- PROBLEM STATEMENT: Using the records below, write out again exactly the lines that begin at the line containing "Photo n°3 de" and end at the line containing "Power Log Store 6x2", and no other lines.

- MATERIAL FOR THIS EXERCISE:

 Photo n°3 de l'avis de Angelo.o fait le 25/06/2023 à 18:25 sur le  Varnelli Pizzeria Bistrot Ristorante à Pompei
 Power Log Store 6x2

--

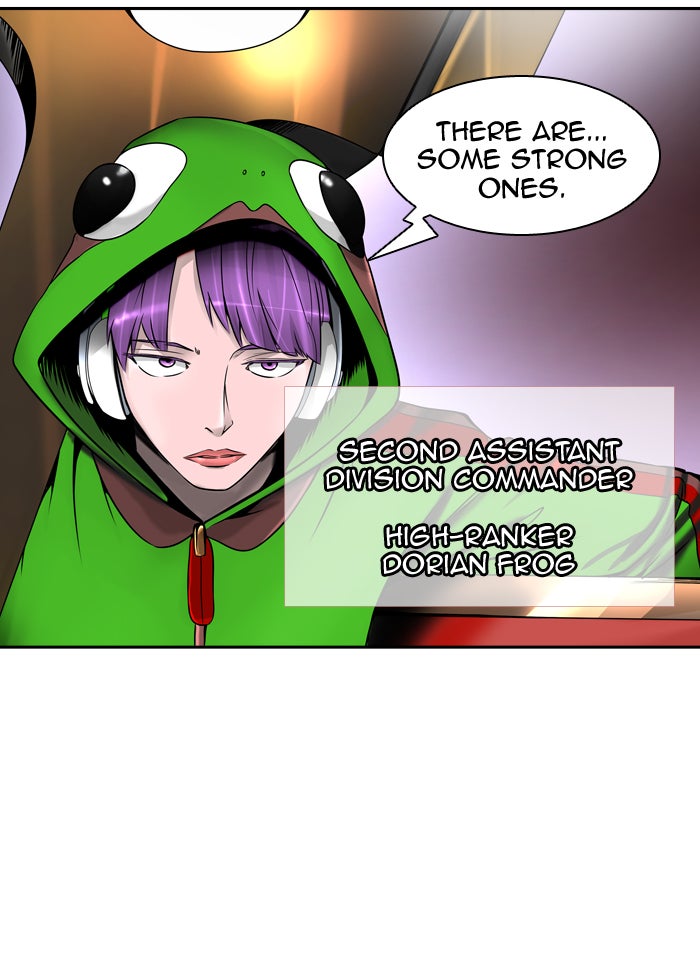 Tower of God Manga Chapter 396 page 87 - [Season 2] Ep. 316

- RESPONSE TO THIS EXERCISE:
 Photo n°3 de l'avis de Angelo.o fait le 25/06/2023 à 18:25 sur le  Varnelli Pizzeria Bistrot Ristorante à Pompei
 Power Log Store 6x2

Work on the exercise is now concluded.